Of course, running a factory isn’t cheap, and it isn’t exactly something that a couple of 20-something-year-olds a couple years into their corporate careers could easily pay for, let alone own, operate and manage. Emmanuel would often talk about IT being the ideal. Unfortunately, neither of us were software engineers or web developers. I’d hacked together a few simple software applications in my free time, but certainly nothing marketable. The question I’d find myself pondering after our early idealistic discussions was always the same: What can we make and sell that wouldn’t require us to go back to school for another 4-year program, and wouldn’t force us to wait several months or years learning a sophisticated new skillset? I had been making these chocolate energy bars at home for a while. Having given some to friends and family, the feedback had been positive. Why not try selling them? I thought. That’s when I decided to pitch the energy bar idea to Emmanuel and Justin (another close friend) as an entrepreneurial venture. We still couldn’t afford a big energy bar factory, but we had faith in the product, and that was enough for us.

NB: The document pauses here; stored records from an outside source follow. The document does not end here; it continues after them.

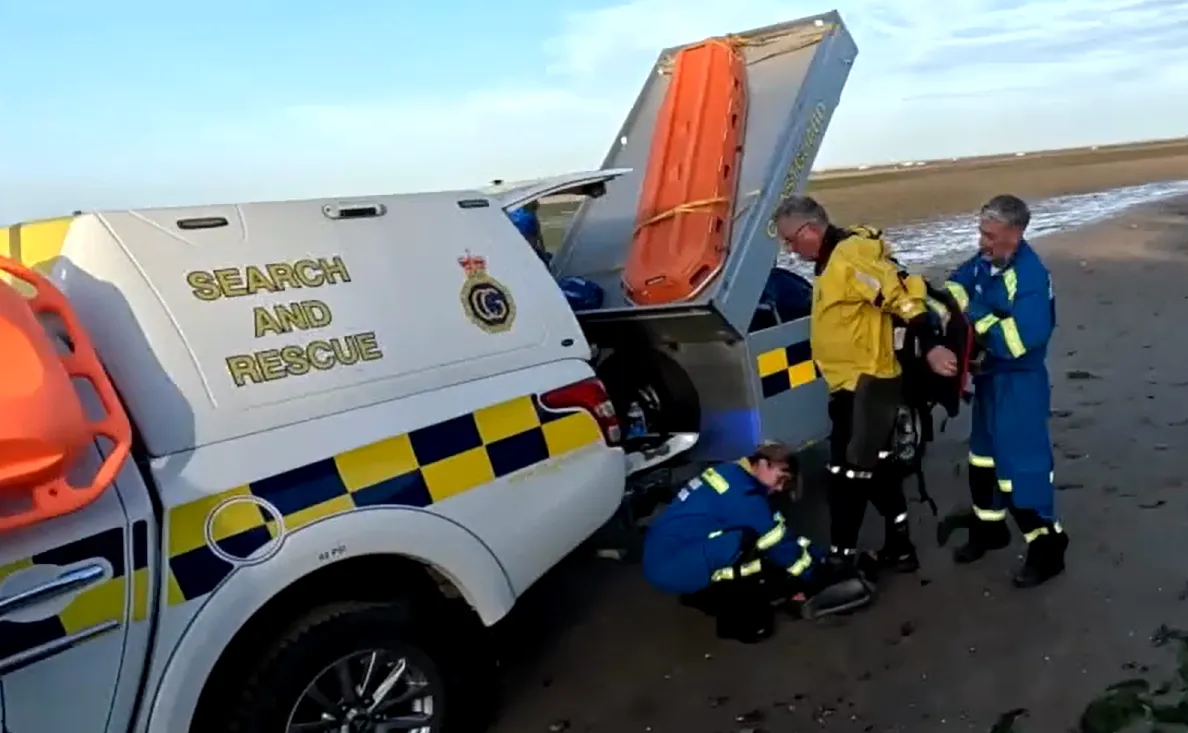 The mud rescue team prepares to reach a casualty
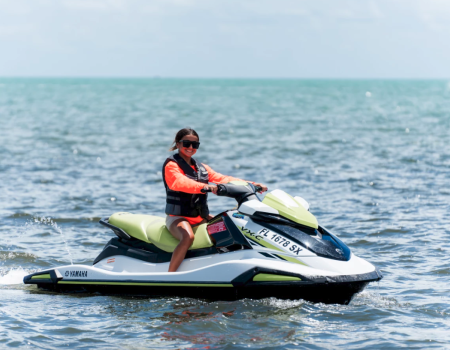 A person is riding a jet ski on the water, wearing sunglasses and a life jacket, under a clear sky.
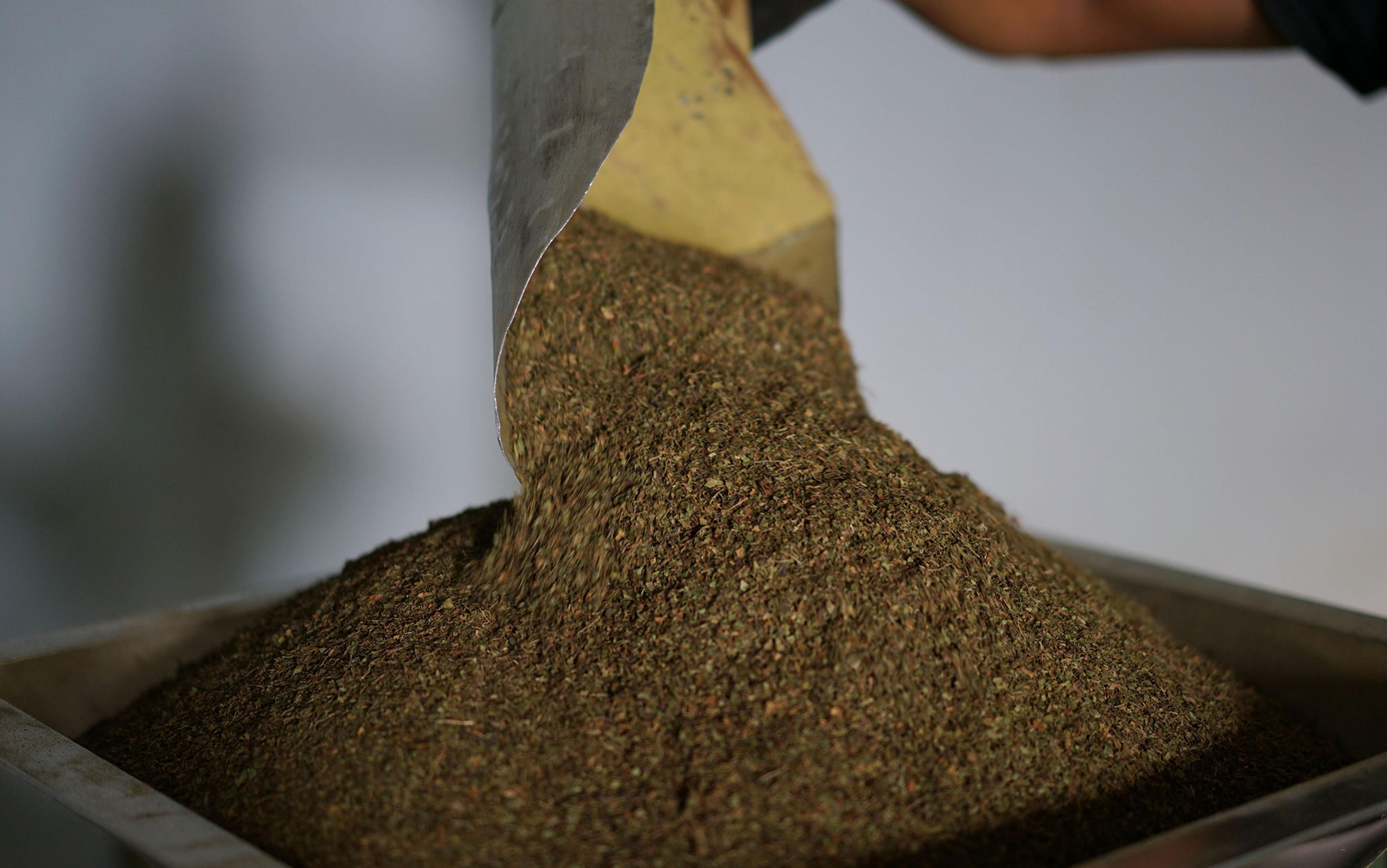 Dried ground leaves being poured from a scoop into a container indoors.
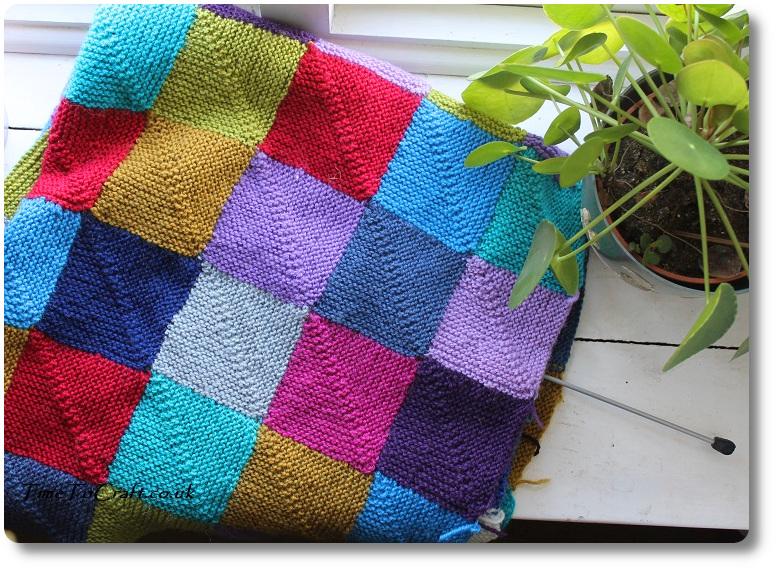 Folded knitted blanket next to plant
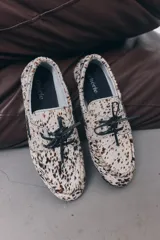 Mocasines con capellada de cuero con estampado animal print en tonos blanco y marrón. Presentan cordones de cuero negro y suela plana.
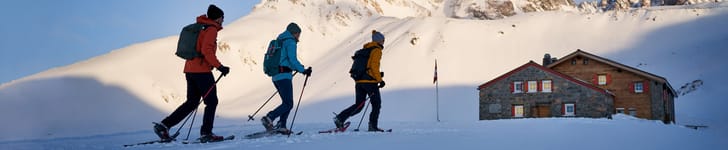 Ein Schneeschuhläufer und zwei Schneeschuhläuferinnen vor einer SAC Hütte.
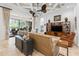 Inviting living room with a large sliding glass door, a stylish ceiling fan, and lots of natural light at 1014 Stella Vara Dr, Lutz, FL 33548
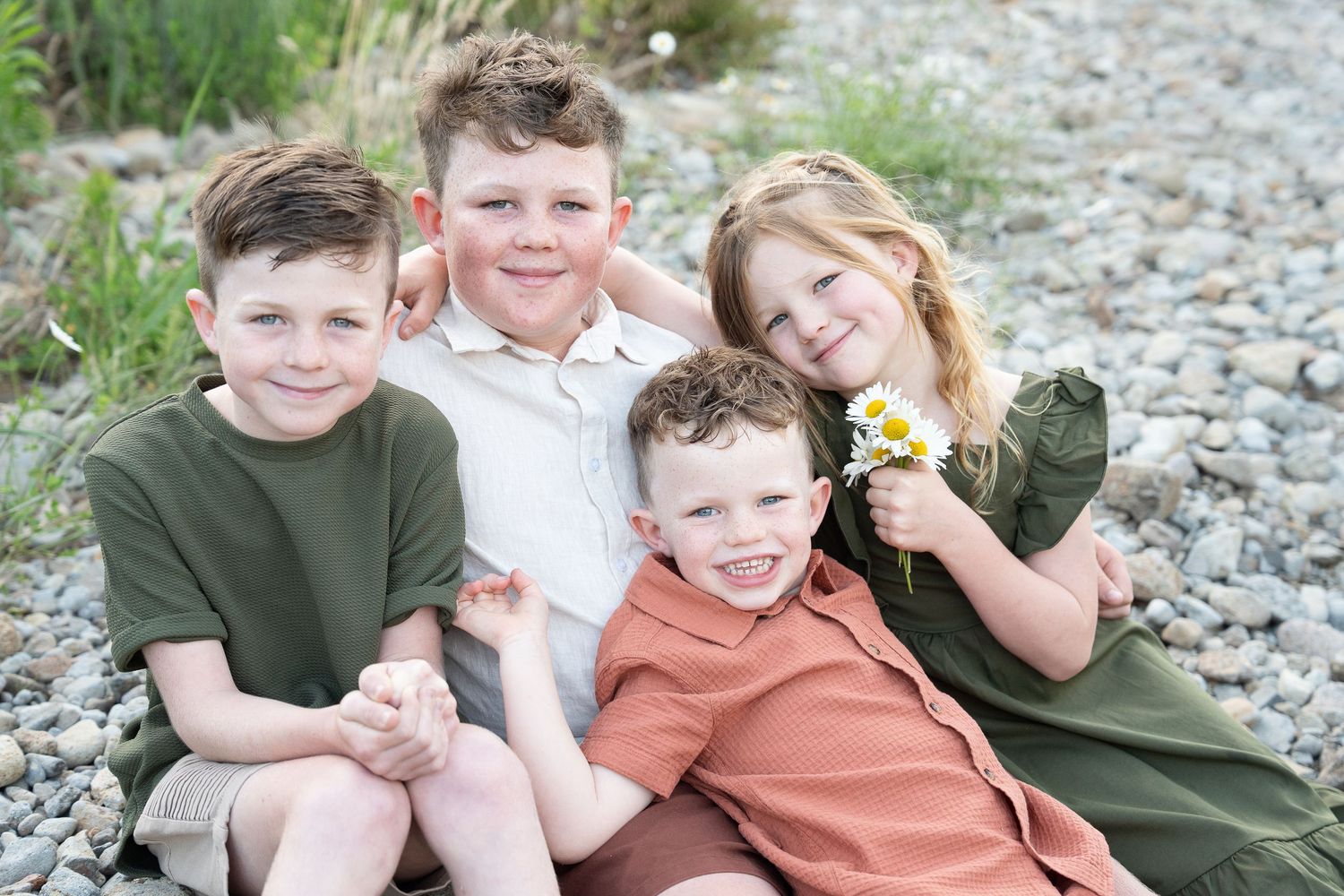 A group sits together on a rocky beach shore while smiling and laughing during a casual outdoor photo session.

After the phone call in my car, we started to get serious about entrepreneurship. We met in a coffee shop and spent an hour or two bouncing ideas off of one another for the company name. Finally we settled on Heaven’s Pantry – and shortly thereafter, the articles of organization were filed. Just like that, the three of us were founders of a company.
So what the heck do we know about running a business, you might ask. Great question. At the time we became a business, we knew nothing! After a couple years and a lot of hard work, I can confidently say we now know…slightly more than nothing. But you know what? At over a thousand bars sold at time of writing, that hasn’t stopped us yet. And though there is no detailed rulebook for exactly how to lead and operate a startup, that’s part of what makes entrepreneurship so fun and rewarding, although admittedly terrifying too. I always like to tell people that as entrepreneurs with no formal business administration training, my business partners and I have complete freedom to build an empire…or run this company into the ground.
Don’t let the world convince you that you need years of executive experience, or an MBA, or billions of dollars in venture capital to start a business. If you know how to do or make something that’s useful to other people, and you’ve got a passion for doing or making that thing, then you’ve got everything you need to start a company. Of course, money helps – but if you don’t have much of that, you’ll just have to start small. That’s what we did (we only just bought QuickBooks a month ago!). With nothing but a recipe, a vision, and whatever extra money we could spare from our full-time jobs, we started Heaven’s Pantry. So if you’ve got a useful skill and a little bit of cash stored away, and you’ve always dreamed of being your own boss, you might want to ask yourself: what’s stopping you?